MOSCOW - Vice President Biden heaped praise on Russia on Thursday, calling it a nation of great creativity, great culture and great engineering, but he said it would have to get its legal house in order if it expected to attract more foreign business and investment.

In a speech at Moscow State University, Biden mentioned two of Russia's most notorious recent cases involving business and the courts - those of imprisoned oil tycoon Mikhail Khodorkovsky and lawyer and whistleblower Sergei Magnitsky, who died in a Moscow jail cell in 2009 - and then said that "no amount of cheerleading" would lure back "wronged and nervous investors."

"Get your system right," he said.

Thursday was the second of two full days that Biden spent in Moscow, meeting with business leaders, human rights advocates and opposition politicians, as well as President Dmitry Medvedev and Prime Minister Vladimir Putin.

Biden said the Obama administration strongly supports Russian entry into the World Trade Organization. For one thing, he said, it would give American firms "predictable access" to Russia's growing market.

At one point in the speech in which he lambasted Russia's legal system, Biden seemed to compare the United States to the bank robber Willie Sutton. He said that when people ask him why Americans are interested in Russian business, he is reminded of Sutton's famous quip about robbing banks because that's where the money is. But he did not complete the thought.

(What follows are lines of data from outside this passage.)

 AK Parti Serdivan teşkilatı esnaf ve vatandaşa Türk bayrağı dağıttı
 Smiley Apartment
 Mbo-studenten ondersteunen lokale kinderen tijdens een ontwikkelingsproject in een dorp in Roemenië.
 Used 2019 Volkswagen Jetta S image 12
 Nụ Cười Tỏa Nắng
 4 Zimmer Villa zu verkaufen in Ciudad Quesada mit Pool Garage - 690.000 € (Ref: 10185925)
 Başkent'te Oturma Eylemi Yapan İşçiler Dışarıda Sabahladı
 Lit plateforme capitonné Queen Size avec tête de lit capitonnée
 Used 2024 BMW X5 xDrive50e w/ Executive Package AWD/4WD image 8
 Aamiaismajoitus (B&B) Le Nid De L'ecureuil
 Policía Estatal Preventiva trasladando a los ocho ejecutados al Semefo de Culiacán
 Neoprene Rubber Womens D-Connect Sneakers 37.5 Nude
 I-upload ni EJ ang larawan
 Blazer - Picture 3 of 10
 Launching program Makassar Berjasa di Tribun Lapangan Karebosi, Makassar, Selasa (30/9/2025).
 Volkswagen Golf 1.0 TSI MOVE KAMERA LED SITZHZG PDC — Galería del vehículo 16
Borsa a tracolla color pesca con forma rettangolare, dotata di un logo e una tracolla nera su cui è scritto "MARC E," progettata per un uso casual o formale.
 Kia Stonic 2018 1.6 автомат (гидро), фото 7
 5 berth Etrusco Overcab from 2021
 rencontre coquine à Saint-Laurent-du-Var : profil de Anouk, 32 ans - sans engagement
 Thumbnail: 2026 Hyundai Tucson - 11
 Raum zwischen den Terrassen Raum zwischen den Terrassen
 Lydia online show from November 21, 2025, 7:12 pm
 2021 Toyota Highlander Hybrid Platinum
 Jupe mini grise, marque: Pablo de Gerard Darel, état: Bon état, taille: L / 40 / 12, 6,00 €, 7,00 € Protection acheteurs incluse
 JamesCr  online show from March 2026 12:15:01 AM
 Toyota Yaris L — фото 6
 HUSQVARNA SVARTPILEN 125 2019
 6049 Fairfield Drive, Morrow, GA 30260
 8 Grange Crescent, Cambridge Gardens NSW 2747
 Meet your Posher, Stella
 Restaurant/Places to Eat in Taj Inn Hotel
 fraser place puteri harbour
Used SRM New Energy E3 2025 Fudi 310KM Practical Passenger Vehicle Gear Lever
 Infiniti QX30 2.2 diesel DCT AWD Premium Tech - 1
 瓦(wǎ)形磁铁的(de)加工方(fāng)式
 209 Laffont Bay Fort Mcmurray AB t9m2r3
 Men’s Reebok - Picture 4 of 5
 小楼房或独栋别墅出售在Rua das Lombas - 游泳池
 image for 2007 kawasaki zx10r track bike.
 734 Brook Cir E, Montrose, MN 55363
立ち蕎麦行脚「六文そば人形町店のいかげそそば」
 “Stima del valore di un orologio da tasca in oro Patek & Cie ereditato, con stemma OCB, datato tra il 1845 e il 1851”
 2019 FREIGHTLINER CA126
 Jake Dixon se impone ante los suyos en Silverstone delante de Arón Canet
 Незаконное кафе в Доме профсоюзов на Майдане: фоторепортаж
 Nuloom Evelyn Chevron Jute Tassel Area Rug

Addressing the students who made up most of his audience, along with university officials and Russian and American business leaders, he said, "Don't compromise on the basic elements of democracy."

And a free press, he said, "is the single best guarantee of political freedom."

In mentioning Khodorkovsky and Magnitsky by name, Biden boosted public pressure on Moscow just as Russia is drawing close to WTO membership. He pointed out that Medvedev has lamented Russian corruption, and he quoted Medvedev's description of Russia as "a country of legal nihilism."

Russians, Biden said, "want to live in a country that fights corruption."